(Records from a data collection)
^^^^^^^^
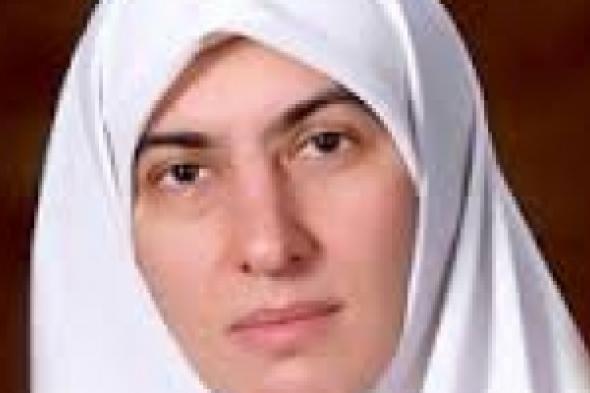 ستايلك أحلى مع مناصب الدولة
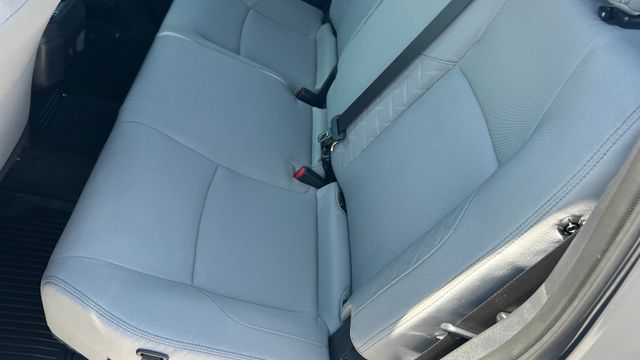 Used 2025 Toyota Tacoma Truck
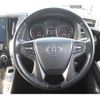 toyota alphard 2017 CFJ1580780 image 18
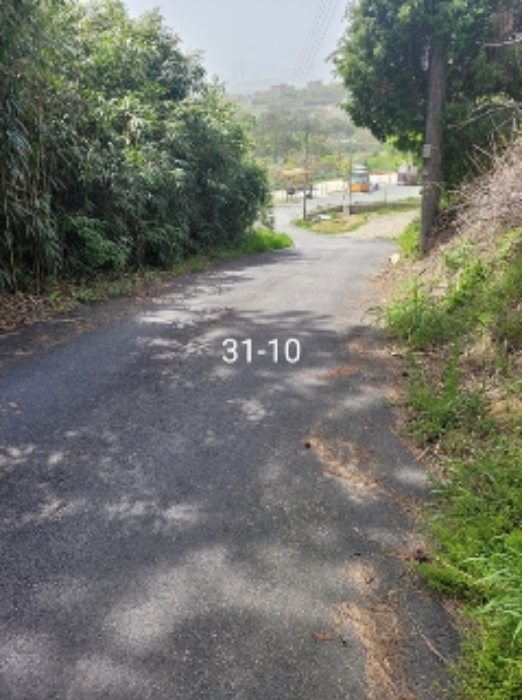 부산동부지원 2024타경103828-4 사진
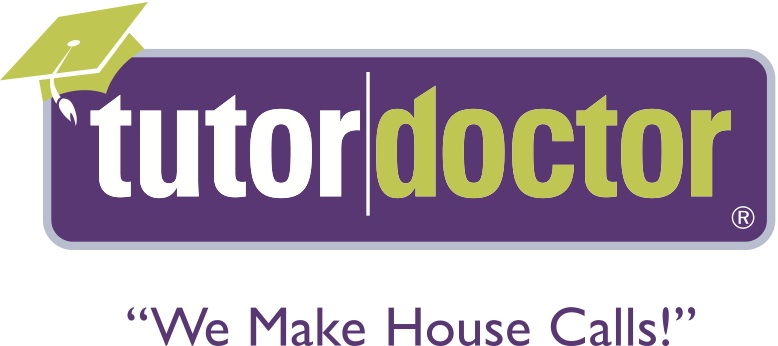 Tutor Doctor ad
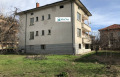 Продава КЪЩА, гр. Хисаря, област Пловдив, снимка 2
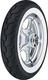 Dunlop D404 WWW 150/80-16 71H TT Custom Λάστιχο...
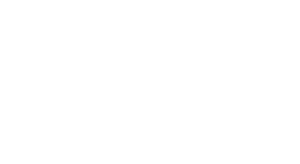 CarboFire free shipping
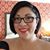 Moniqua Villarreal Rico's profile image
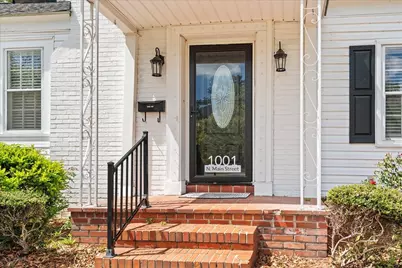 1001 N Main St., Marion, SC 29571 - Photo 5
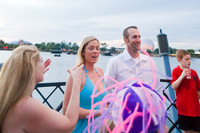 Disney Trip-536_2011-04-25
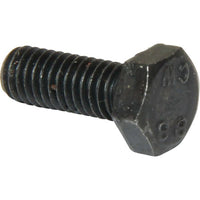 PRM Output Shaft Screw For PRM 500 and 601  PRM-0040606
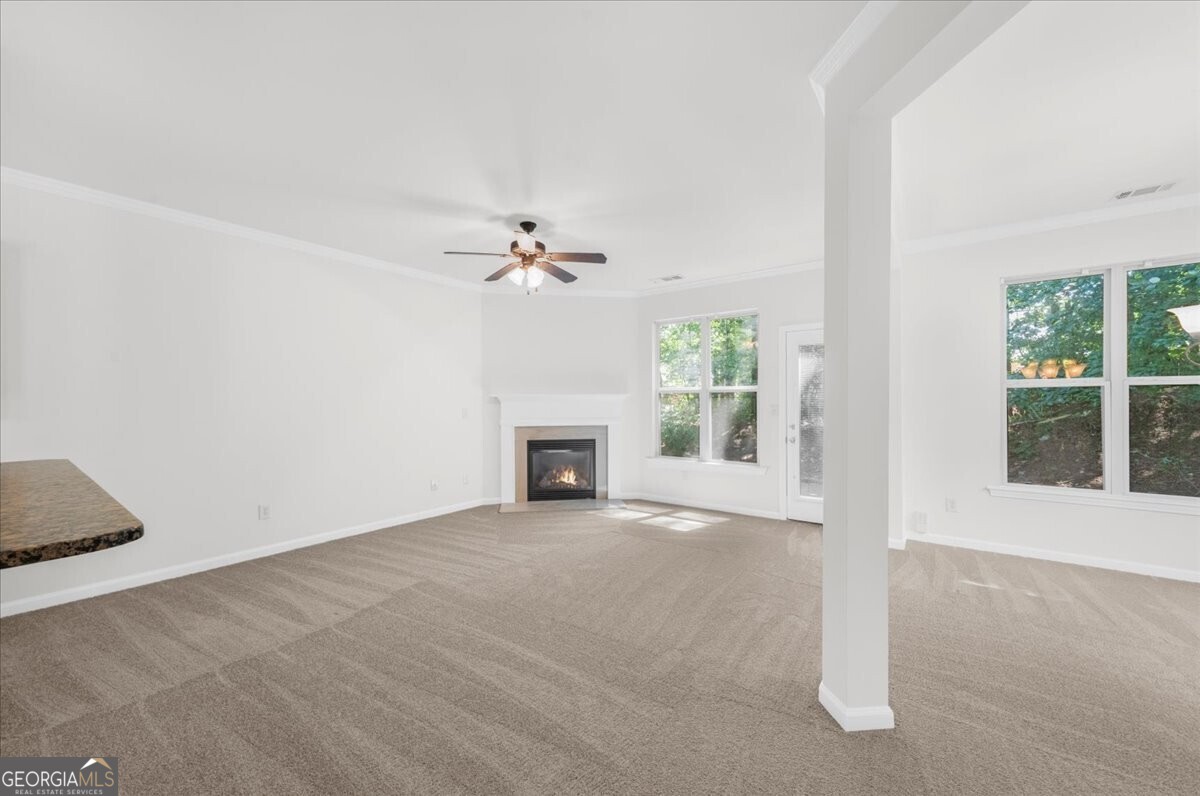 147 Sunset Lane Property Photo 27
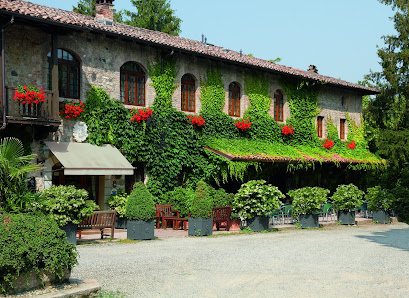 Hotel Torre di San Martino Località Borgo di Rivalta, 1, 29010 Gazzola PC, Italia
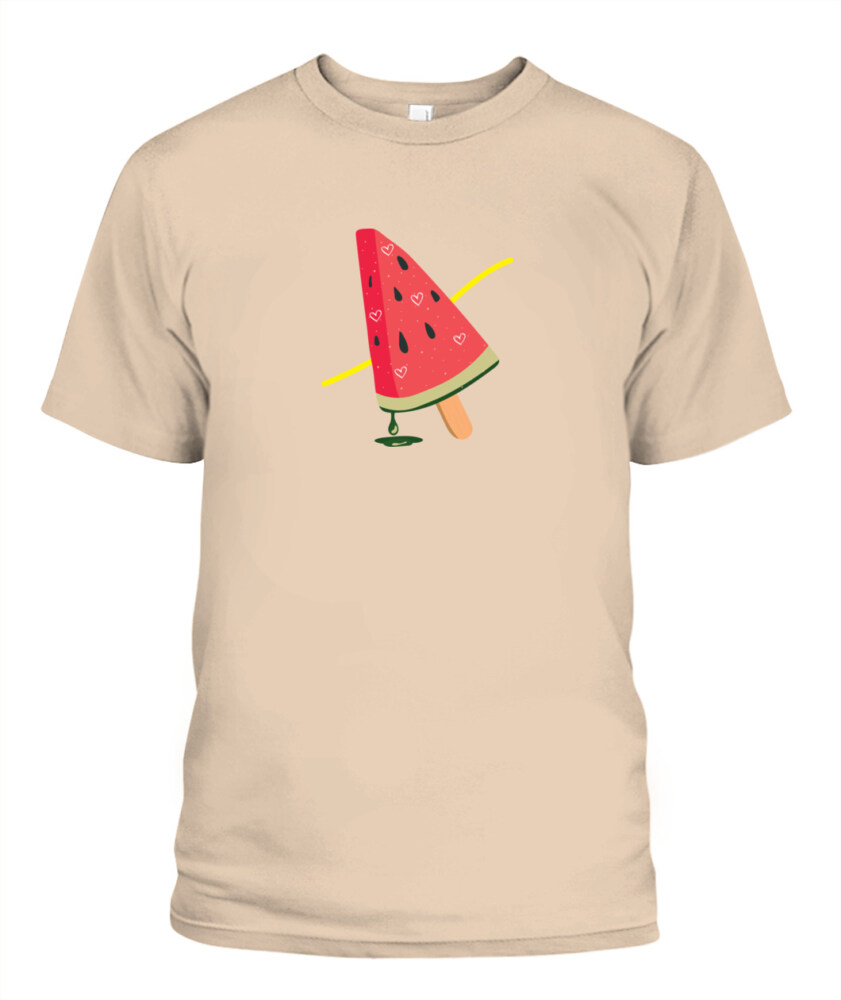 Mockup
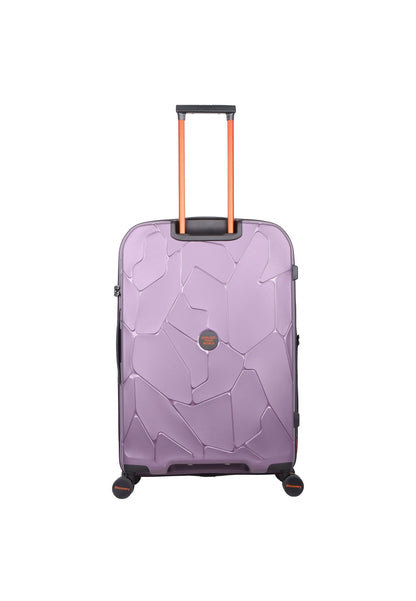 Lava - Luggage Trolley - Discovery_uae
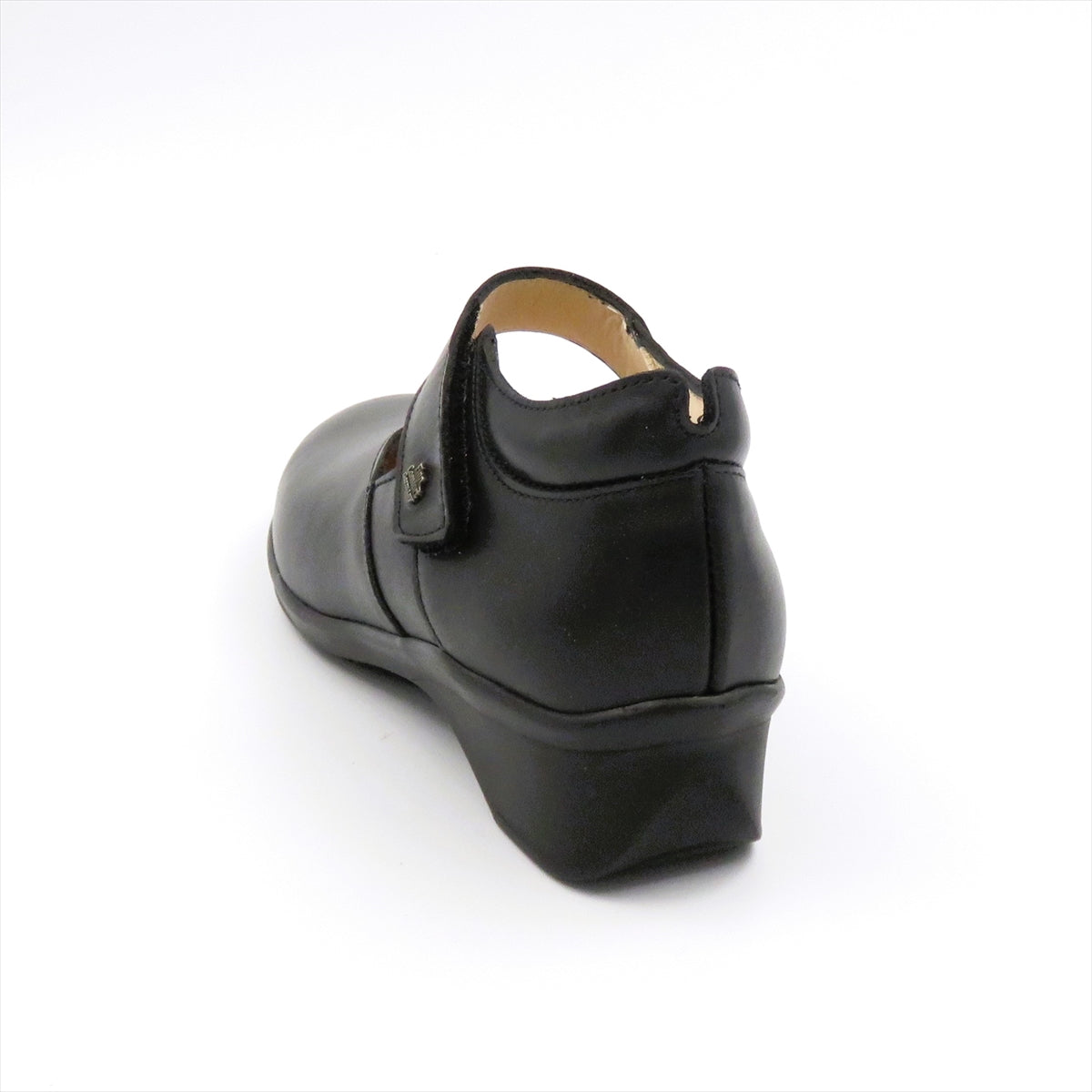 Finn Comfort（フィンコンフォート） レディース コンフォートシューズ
^^^^^^^^
# [Work task]
Copy out only the lines beginning at the line with "1001 N Main St., Marion, SC 29571 - Photo 5" and ending at the last line of the entries. Keep them exact; drop pictures.

# [Task response]
 1001 N Main St., Marion, SC 29571 - Photo 5
 Disney Trip-536_2011-04-25
 PRM Output Shaft Screw For PRM 500 and 601  PRM-0040606
 147 Sunset Lane Property Photo 27
 Hotel Torre di San Martino Località Borgo di Rivalta, 1, 29010 Gazzola PC, Italia
 Mockup
 Lava - Luggage Trolley - Discovery_uae
 Finn Comfort（フィンコンフォート） レディース コンフォートシューズ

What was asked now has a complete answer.